__Exercise material__:
────────────────────────────────────────

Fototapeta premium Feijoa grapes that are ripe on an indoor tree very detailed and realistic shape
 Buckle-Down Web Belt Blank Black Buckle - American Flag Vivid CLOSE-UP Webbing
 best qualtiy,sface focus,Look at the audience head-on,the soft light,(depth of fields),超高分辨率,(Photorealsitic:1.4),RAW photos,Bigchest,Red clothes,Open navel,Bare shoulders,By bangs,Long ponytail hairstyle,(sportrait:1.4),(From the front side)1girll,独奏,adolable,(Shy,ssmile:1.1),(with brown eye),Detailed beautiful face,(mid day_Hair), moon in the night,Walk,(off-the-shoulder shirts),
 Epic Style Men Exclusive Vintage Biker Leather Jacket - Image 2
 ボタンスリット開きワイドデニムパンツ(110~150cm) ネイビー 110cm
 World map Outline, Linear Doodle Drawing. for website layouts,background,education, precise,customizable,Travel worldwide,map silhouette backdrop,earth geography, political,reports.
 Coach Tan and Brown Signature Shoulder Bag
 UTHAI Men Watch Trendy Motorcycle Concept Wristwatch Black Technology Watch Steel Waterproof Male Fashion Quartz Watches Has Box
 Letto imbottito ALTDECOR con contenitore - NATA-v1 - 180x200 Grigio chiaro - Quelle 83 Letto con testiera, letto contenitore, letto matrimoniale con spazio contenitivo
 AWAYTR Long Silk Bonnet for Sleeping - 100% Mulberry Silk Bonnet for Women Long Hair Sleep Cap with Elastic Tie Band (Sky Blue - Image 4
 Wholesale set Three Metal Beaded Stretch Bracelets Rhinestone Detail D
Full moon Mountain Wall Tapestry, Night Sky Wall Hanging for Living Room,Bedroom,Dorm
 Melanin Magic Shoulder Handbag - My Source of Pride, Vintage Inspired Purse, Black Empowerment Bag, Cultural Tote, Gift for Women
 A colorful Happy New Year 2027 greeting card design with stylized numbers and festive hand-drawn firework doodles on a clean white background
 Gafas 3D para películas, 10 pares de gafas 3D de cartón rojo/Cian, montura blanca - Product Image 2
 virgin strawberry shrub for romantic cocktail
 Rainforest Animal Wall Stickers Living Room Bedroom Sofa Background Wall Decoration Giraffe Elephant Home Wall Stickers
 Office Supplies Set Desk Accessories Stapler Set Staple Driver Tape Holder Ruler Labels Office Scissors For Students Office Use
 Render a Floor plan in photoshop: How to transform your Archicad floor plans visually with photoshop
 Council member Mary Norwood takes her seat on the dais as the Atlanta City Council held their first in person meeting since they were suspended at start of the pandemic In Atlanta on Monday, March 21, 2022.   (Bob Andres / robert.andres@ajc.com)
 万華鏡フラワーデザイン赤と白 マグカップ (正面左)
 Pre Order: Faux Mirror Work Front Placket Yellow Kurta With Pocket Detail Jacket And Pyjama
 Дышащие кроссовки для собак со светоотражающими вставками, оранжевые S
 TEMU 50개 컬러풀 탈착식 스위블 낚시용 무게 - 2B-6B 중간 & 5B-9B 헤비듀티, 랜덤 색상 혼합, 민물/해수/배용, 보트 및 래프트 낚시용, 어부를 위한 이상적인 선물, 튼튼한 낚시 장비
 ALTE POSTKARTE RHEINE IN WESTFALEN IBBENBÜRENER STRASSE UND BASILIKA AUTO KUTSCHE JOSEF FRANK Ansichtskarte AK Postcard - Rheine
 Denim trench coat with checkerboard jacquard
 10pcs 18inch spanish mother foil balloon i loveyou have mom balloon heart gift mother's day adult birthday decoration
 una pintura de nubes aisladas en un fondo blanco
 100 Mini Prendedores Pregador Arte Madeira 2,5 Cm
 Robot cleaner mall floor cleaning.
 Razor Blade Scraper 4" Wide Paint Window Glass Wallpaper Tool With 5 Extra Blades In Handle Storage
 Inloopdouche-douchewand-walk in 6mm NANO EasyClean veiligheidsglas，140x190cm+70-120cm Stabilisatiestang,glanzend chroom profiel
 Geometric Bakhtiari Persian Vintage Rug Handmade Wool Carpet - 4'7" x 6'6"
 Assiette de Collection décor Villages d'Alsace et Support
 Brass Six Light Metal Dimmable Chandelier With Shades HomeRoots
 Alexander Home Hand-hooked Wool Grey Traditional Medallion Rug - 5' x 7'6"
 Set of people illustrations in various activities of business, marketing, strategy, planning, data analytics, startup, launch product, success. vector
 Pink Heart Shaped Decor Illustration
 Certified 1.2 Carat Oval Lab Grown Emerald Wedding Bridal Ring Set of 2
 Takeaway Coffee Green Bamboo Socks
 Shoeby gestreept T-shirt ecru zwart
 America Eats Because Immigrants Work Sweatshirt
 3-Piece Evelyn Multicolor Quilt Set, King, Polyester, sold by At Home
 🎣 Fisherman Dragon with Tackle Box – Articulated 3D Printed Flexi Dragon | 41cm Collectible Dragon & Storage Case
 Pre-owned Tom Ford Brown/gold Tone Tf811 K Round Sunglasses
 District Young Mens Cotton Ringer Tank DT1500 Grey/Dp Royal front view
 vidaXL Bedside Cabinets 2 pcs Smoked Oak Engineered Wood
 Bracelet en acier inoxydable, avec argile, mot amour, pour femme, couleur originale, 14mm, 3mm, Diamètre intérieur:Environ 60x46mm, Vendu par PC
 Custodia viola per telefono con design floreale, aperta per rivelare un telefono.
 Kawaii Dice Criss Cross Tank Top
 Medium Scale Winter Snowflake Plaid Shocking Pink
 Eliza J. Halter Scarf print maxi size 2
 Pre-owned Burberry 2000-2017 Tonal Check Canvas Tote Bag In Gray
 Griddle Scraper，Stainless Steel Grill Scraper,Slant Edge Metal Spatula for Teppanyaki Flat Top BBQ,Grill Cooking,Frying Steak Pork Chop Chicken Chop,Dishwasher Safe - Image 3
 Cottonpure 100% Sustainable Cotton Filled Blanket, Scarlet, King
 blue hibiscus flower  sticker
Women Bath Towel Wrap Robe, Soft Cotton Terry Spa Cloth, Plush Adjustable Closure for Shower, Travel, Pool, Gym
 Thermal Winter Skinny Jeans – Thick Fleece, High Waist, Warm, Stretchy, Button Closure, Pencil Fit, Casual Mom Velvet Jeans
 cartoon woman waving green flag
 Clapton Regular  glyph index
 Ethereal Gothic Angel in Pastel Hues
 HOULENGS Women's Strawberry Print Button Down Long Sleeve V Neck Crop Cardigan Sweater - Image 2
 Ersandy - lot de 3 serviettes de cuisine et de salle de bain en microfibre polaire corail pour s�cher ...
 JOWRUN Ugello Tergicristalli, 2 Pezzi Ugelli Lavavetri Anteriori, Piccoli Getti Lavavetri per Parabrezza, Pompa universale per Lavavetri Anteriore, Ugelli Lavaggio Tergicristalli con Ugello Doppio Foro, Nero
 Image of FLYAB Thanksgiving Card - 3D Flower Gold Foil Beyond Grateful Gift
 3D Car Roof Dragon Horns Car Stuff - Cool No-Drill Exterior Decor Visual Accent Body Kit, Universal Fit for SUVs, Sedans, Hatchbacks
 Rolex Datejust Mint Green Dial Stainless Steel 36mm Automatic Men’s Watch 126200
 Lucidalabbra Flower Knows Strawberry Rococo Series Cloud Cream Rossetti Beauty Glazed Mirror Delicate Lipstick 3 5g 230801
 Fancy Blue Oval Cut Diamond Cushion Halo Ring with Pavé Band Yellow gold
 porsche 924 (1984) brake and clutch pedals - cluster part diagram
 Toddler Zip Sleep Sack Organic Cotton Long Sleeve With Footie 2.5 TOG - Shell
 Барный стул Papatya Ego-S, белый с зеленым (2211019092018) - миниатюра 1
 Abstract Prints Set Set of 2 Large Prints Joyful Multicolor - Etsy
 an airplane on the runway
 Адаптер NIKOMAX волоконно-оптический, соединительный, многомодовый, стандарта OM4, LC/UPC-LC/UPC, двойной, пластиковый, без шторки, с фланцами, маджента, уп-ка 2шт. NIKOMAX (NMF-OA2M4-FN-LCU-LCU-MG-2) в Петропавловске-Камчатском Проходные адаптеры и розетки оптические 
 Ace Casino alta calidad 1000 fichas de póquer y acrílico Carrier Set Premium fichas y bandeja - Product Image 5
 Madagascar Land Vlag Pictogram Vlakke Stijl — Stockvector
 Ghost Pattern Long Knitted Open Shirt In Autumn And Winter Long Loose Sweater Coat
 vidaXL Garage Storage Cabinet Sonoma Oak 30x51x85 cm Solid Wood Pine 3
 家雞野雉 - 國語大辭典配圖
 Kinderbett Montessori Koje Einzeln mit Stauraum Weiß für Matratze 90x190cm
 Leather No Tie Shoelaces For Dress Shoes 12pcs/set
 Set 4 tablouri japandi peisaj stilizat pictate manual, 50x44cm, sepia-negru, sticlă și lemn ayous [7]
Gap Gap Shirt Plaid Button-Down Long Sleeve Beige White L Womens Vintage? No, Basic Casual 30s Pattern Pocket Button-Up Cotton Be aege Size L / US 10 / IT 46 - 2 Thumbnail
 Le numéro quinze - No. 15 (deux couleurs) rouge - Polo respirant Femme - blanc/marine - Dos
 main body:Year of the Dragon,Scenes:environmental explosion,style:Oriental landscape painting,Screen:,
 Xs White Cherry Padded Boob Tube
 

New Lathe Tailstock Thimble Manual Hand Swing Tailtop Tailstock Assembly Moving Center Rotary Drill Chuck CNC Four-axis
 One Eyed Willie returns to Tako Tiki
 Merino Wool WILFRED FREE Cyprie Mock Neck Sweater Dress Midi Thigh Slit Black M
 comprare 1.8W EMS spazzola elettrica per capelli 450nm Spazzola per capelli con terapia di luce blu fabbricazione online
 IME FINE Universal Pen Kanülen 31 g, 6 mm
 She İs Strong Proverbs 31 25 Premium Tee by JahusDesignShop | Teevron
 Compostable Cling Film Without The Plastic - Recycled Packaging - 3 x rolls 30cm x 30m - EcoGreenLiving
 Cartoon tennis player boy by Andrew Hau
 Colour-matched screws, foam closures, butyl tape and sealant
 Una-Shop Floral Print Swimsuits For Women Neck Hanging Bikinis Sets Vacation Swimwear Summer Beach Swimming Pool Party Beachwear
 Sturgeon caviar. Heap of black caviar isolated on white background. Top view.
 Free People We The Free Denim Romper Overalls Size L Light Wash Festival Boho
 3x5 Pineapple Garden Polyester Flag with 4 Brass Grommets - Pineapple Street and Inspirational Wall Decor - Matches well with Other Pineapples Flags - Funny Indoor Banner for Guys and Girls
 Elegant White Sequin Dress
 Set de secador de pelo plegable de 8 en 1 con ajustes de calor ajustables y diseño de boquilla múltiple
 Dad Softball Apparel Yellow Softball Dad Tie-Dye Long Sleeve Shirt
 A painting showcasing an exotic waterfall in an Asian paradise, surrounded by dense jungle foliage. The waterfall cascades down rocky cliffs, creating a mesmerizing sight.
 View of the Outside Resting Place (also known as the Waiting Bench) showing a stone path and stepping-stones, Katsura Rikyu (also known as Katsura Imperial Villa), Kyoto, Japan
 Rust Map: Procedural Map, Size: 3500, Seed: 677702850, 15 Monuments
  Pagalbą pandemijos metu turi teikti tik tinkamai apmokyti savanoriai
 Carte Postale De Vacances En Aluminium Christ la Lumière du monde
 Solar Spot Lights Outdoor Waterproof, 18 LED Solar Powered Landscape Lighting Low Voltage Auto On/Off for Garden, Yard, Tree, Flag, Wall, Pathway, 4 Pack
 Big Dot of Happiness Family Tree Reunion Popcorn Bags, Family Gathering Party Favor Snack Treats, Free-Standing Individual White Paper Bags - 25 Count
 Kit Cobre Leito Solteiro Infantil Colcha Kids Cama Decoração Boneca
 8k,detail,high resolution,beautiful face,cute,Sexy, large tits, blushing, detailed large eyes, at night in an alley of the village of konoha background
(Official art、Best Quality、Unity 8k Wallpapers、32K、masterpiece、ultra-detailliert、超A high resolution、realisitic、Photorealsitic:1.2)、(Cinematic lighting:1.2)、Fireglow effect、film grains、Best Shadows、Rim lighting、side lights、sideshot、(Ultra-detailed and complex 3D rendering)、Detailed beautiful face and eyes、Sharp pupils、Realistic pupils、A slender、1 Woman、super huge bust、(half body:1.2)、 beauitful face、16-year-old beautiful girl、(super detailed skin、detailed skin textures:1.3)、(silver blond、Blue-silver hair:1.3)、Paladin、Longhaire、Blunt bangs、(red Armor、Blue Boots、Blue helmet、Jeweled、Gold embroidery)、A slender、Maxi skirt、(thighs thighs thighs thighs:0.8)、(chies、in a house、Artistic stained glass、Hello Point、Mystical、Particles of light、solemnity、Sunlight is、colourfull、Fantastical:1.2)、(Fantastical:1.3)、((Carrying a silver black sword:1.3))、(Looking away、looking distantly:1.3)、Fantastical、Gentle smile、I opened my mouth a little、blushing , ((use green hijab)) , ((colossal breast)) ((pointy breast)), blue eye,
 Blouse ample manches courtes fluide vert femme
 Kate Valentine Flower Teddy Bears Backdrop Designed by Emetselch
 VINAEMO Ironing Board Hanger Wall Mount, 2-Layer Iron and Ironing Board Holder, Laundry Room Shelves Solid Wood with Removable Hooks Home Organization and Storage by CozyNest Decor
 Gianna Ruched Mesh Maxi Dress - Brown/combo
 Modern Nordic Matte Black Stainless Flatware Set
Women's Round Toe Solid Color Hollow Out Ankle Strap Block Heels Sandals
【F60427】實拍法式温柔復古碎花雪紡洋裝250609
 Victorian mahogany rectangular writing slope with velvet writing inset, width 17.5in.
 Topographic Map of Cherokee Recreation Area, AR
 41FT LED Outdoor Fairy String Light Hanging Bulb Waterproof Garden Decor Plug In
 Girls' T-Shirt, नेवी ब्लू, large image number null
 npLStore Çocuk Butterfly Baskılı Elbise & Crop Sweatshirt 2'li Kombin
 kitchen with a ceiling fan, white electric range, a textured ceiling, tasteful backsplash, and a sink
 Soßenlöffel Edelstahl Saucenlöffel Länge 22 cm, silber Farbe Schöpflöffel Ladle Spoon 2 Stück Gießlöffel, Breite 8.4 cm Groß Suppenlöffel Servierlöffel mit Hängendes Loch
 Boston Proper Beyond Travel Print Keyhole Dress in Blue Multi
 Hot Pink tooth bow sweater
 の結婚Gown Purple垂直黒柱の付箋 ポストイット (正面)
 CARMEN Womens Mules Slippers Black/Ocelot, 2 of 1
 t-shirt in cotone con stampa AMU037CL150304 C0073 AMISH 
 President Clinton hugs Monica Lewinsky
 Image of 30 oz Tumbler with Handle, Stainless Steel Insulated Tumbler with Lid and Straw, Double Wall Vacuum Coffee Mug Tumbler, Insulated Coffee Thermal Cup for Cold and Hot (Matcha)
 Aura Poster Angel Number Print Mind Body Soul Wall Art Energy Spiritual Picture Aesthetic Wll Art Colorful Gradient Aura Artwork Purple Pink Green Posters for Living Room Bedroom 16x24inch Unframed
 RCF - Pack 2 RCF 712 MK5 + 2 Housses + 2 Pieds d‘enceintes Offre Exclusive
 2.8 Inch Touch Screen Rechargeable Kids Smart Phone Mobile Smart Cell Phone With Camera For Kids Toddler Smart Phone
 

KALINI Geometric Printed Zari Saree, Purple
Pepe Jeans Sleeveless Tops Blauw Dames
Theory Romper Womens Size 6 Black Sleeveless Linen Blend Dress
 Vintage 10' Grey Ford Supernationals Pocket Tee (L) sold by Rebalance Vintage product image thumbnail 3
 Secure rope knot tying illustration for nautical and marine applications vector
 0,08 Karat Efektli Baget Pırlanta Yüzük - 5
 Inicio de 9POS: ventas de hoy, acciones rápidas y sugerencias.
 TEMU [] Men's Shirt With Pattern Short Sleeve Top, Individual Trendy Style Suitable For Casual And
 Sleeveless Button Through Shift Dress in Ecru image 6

────────────────────────────────────────

__The problem__: Reproduce the lines of the records exactly, from the first one through the line that contains "Buckle-Down Web Belt".

__Reply to the exercise__:
Fototapeta premium Feijoa grapes that are ripe on an indoor tree very detailed and realistic shape
 Buckle-Down Web Belt Blank Black Buckle - American Flag Vivid CLOSE-UP Webbing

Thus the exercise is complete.